Errol Morris racconta il momento più cupo della storia recente USA, la cosiddetta family separation policy istituita dall’amministrazione Trump nel 2018: chi veniva arrestato per immigrazione irregolare veniva anche separato dai propri figli, spezzando migliaia di nuclei famigliari. Attraverso interviste e materiali d’archivio, Morris mette a nudo la vera natura di questa politica: non un’applicazione della legge (chiunque vada in galera viene separato dai propri famigliari, d’altronde, come ripetono a pappagallo alcuni alti papaveri dell’amministrazione), ma una vera e propria strategia giocata sulla pelle di neonati e bambini. La separazione era infatti vista come un potente deterrente per ridurre gli arrivi dal Centro America attraverso la frontiera con il Messico.

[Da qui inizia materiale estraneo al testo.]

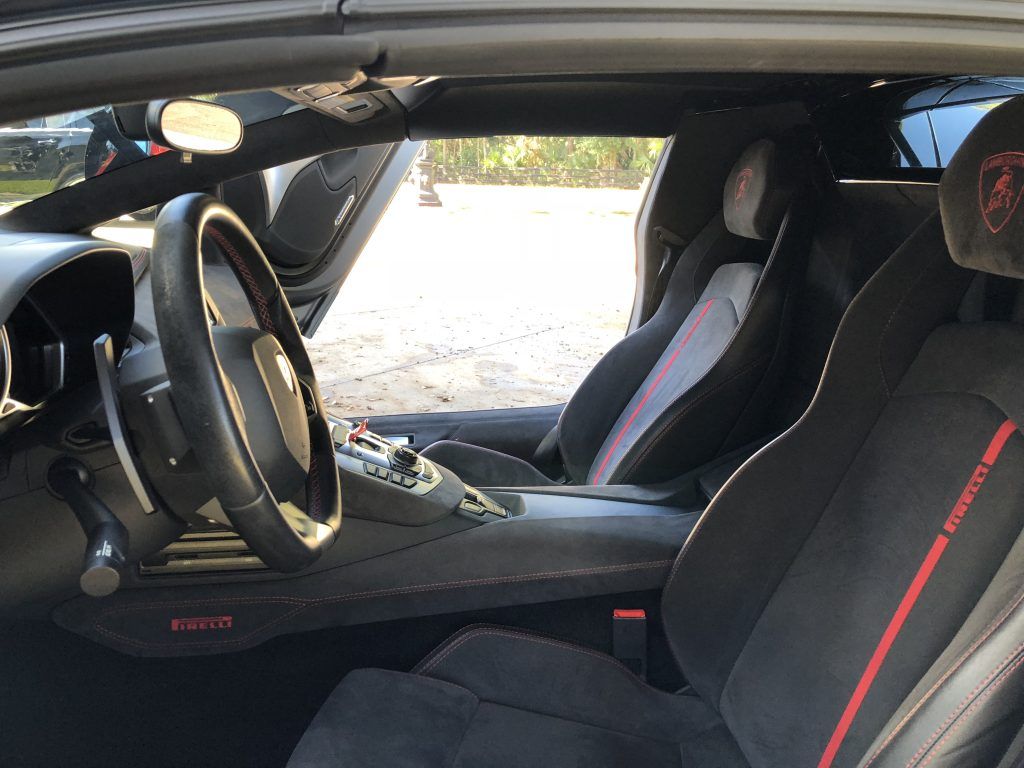 The interior of a sports car with a steering wheel and seats.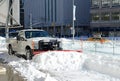 Trucks cleaning snow from streets after blizzard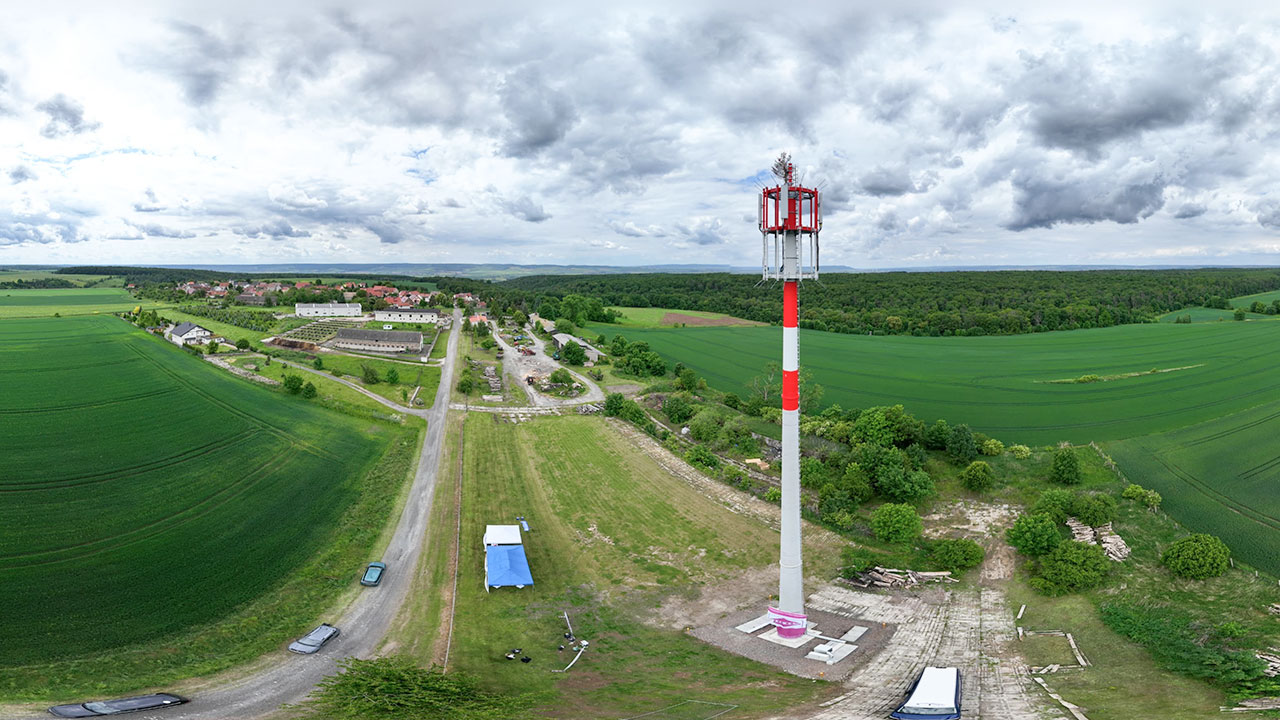 Weitwinkelaufnahme eines hohen rot-weißen Mobilfunkmasts und einer künstlichen Baumspitze zur Tarnung. Im Hintergrund sind Felder, Wälder und ein kleines Dorf zu sehen.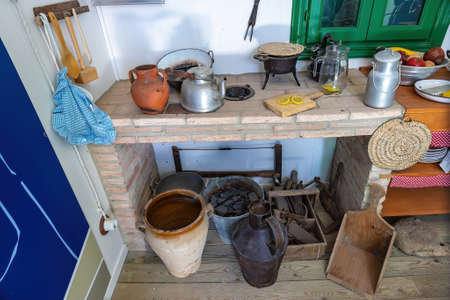 Old kitchenware utensils on an old kitchen of a country houseの写真素材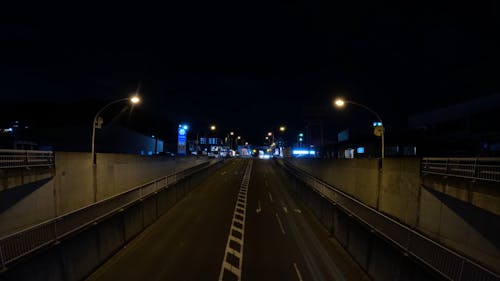 A Moving Cars on the Road at Night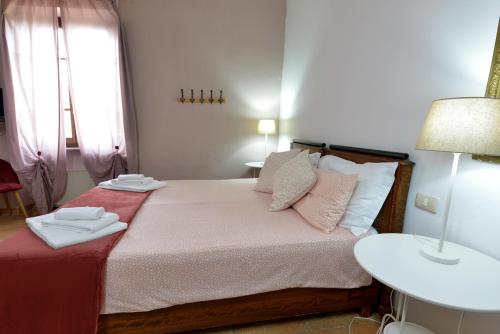 Postel nebo postele na pokoji v ubytování Borgo Faldo - Monolocale con Cucina - 119
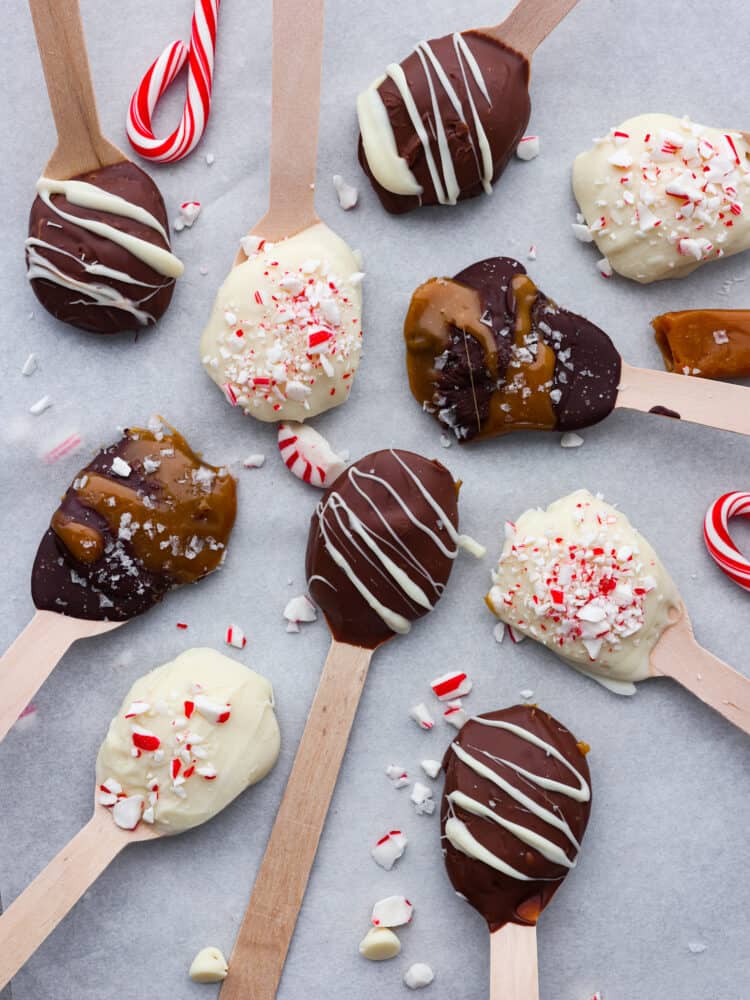 Various hot chocolate spoons laid out on parchment paper.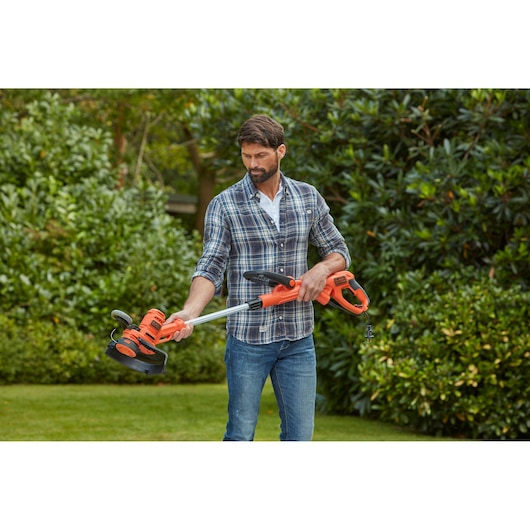 Person using BLACK+DECKER BESTA528 orange electric grass trimmer in garden.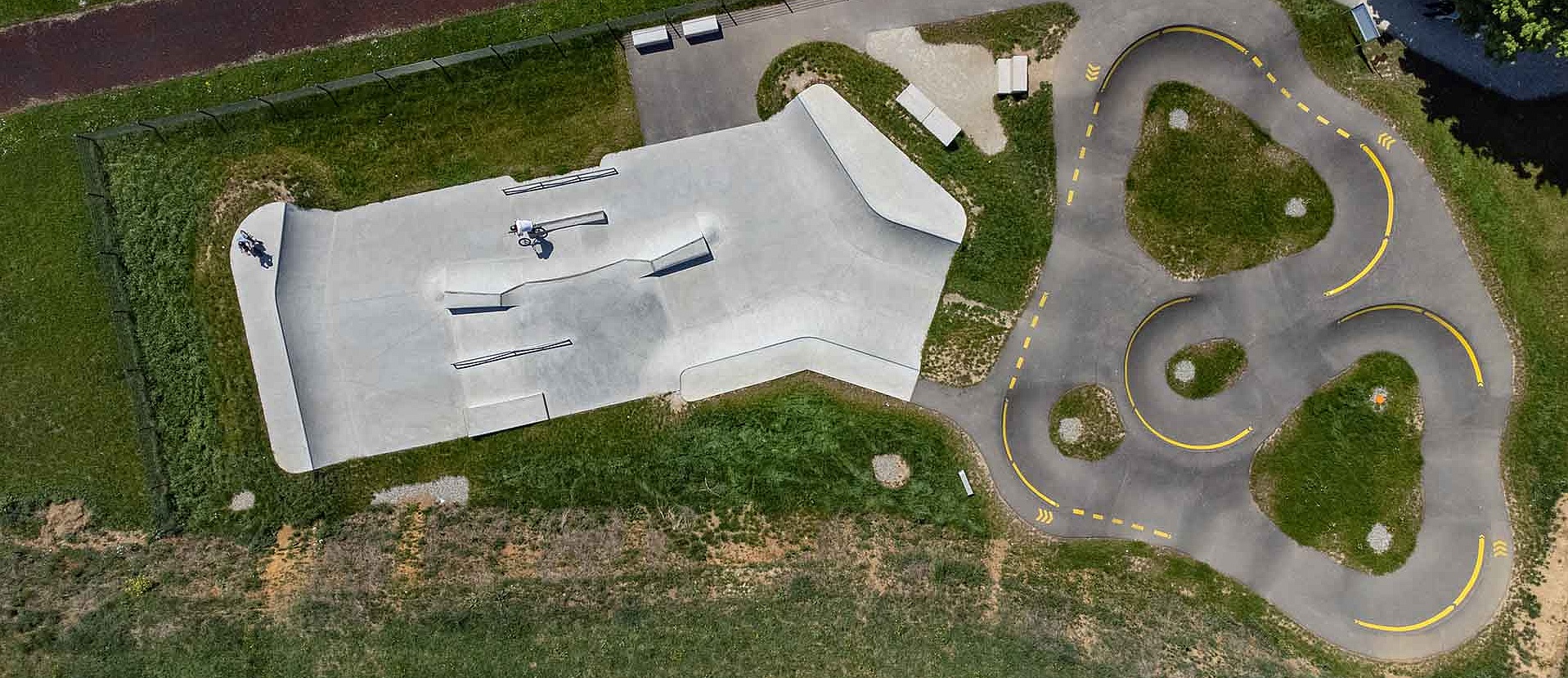 Street and park elements of the concrete park in Uhingen with BMX riders
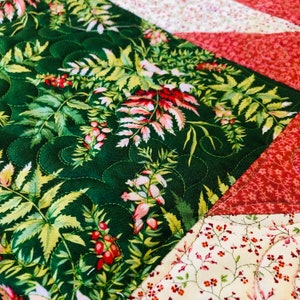 May include: A green fabric with a floral pattern featuring pink and red flowers and green leaves. The fabric is quilted with a decorative stitch. The fabric is sewn together with other fabrics in a patchwork pattern.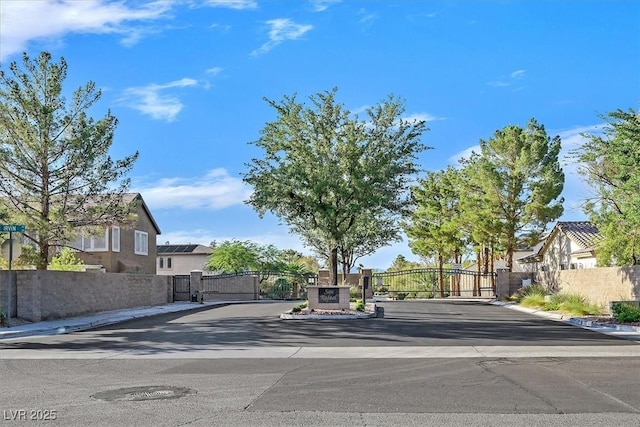 328 Hedgehope Dr, Las Vegas, NV 89183 - view of asphalt road with a gate, curbs, a gated entry, and sidewalks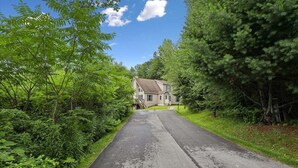 A residential street with a house at the end, surrounded by dense green foliage.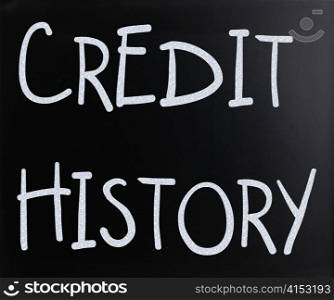 ""Credit history" handwritten with white chalk on a blackboard"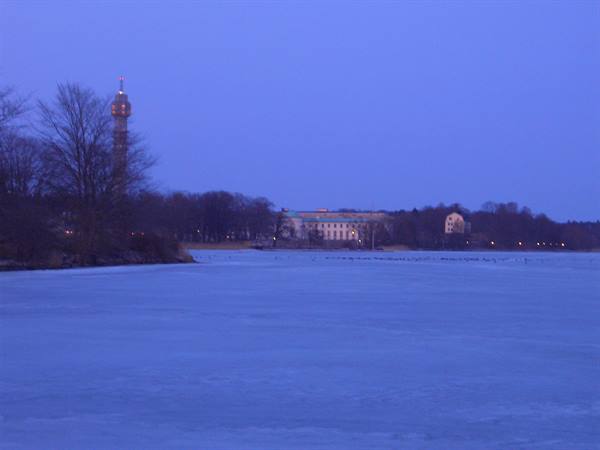 Frozen lake before lit buildings and Kaknästornet tower at dusk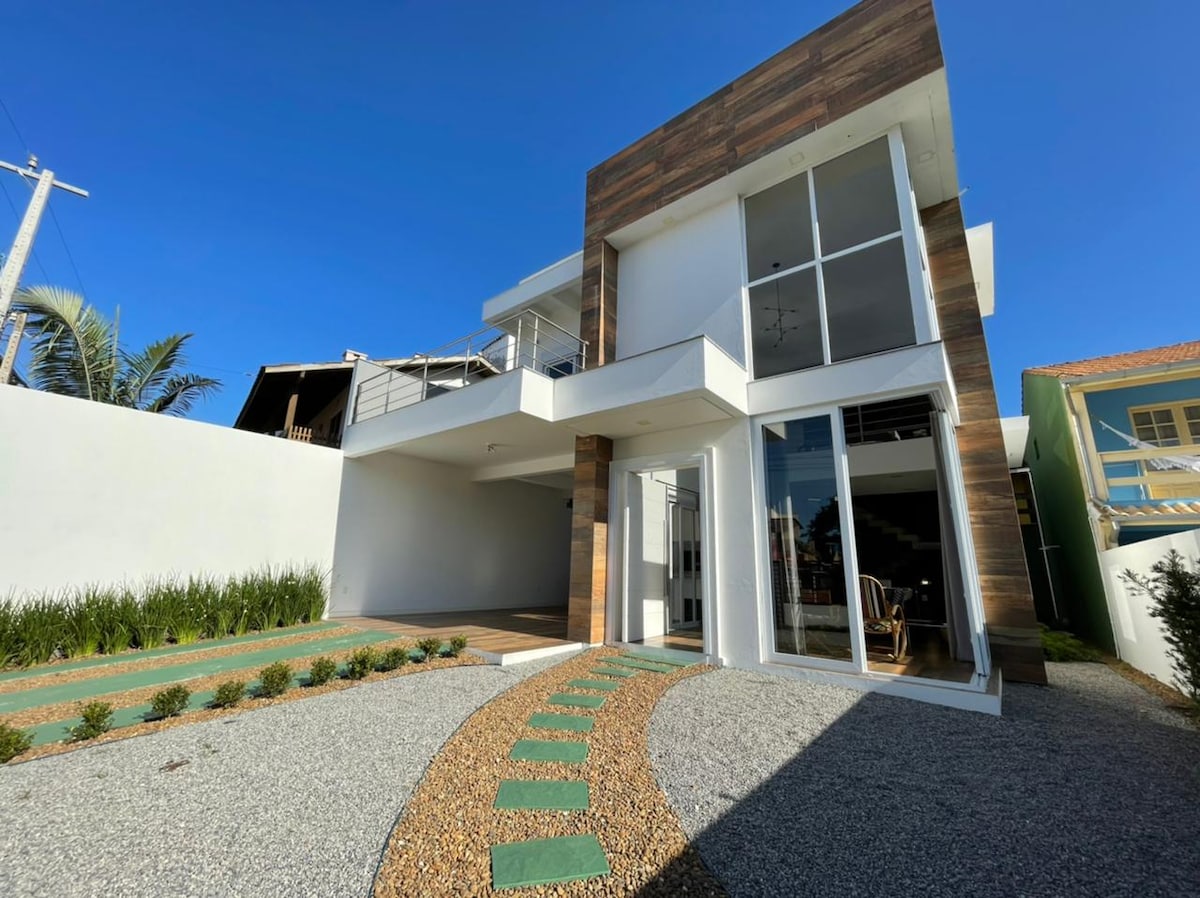 A modern two-story house features large glass windows and wooden accents. The entrance is approached via a stone pathway bordered by well-maintained greenery. An outdoor area is visible, enhancing the contemporary design of the home.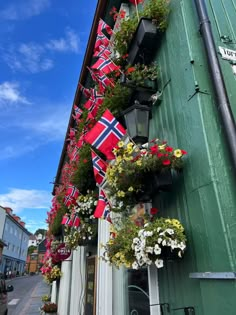 flags and flowers are hanging from the side of a building on a street in norway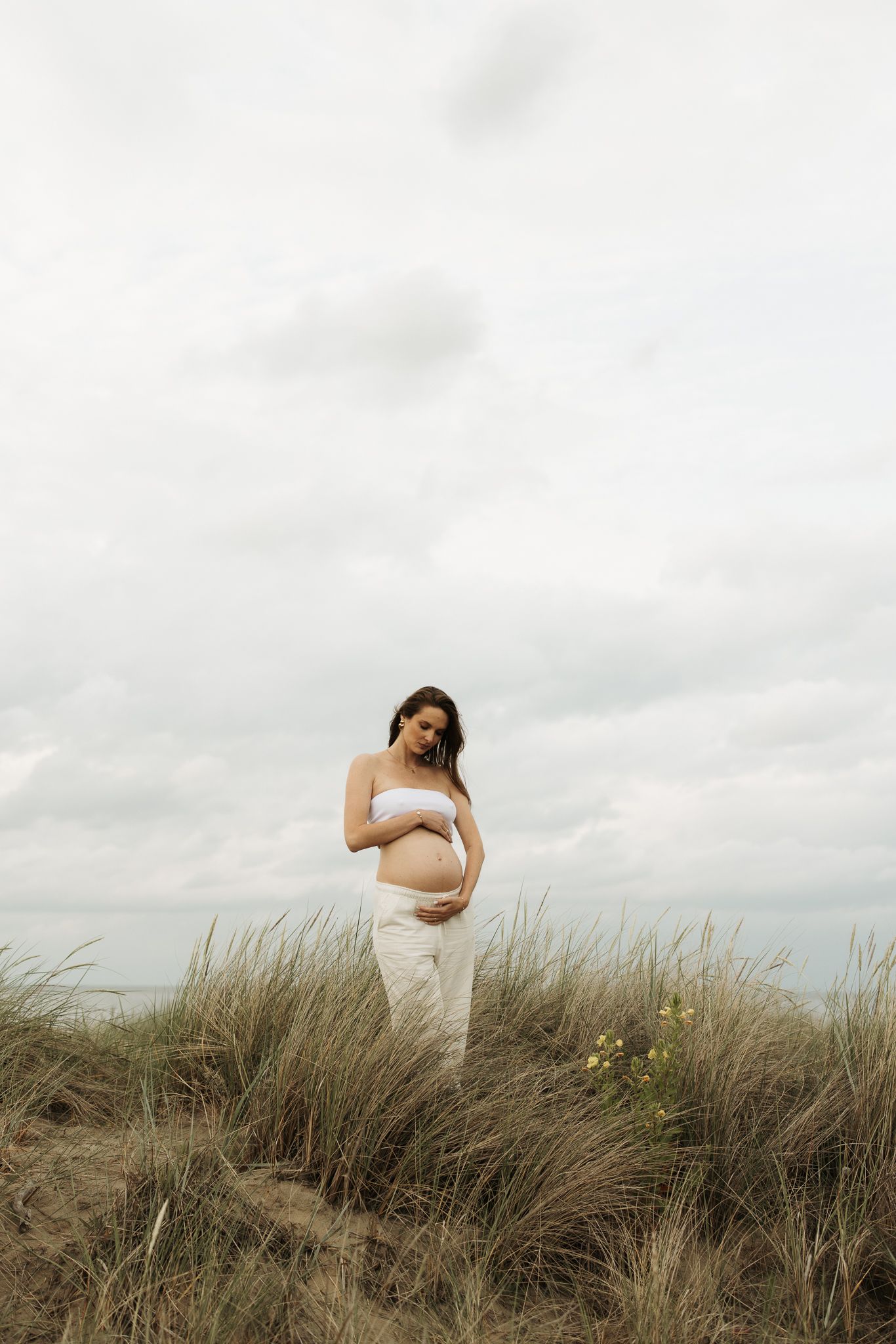 Pregnant woman in white bandeau top holding baby bump in tall coastal grass.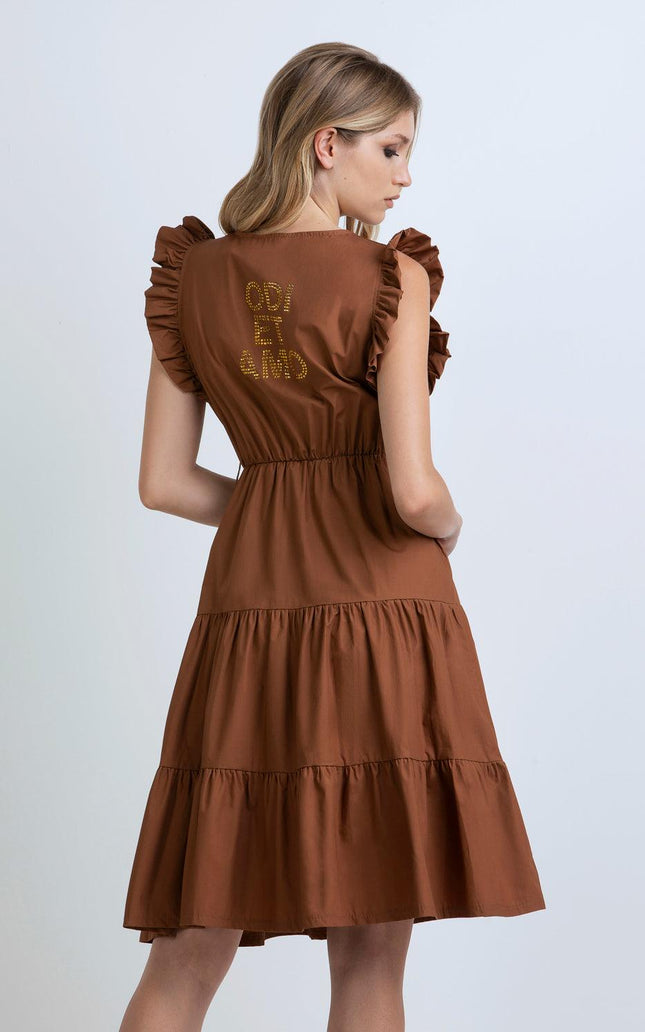 Woman wearing brown ruffled midi dress with gold lettering on back, fashion outfit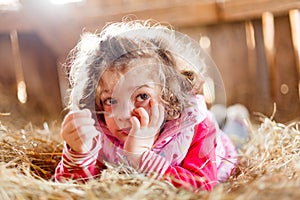 Fuzzy Haired Child in Hay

Morris firma un documentario con un piglio di denuncia alla Michael Moore ma uno stile più sobrio, secco, espositivo, fatto di documenti, testimonianze, spiegazioni legali e organizzative: non solo riesce nel miracolo di non annoiare, ma colpisce dritto allo stomaco proprio per la pulizia della narrazione, che fa risaltare ancora di più l’orrore e il cinismo di questa politica.

Separated è anche un inno ai civil servants, chi lavora per il governo federale e si è battuto, dietro le quinte o anche davanti a riflettori e telecamere, per bloccare questa politica o quantomeno limitare i danni. Sono loro che animano e danno vita al film, donandogli quel cuore che Morris, nell’unico errore compositivo commesso, cerca di rafforzare con delle scene ricostruite e interpretate da attori nella parte di una delle famiglie vittima di questa politica: anziché aumentare l’immersione dello spettatore, queste scene hanno solo l’effetto di allontanarlo emotivamente, distogliendolo dal vero orrore – un orrore fatto di carte bollate, ordini esecutivi, memorandum, ma non per questo (Kafka e Hannah Arendt insegnano) meno spaventoso.

Non mancano critiche anche alle amministrazioni precedenti e successive e, soprattutto, al Congresso. Se la colpa dell’amministrazione Trump è la crudeltà, quella dei suoi avversari politici è l’accidia, l’inazione: non hanno fatto nulla per impedire che tutto questo accadesse e, soprattutto, nulla per impedire che tutto questo possa di nuovo accadere. Con questo monito oscuro per il futuro si chiude il film: Morris non rassicura, avverte. Sperando che, a differenza di Cassandra, non resti inascoltato.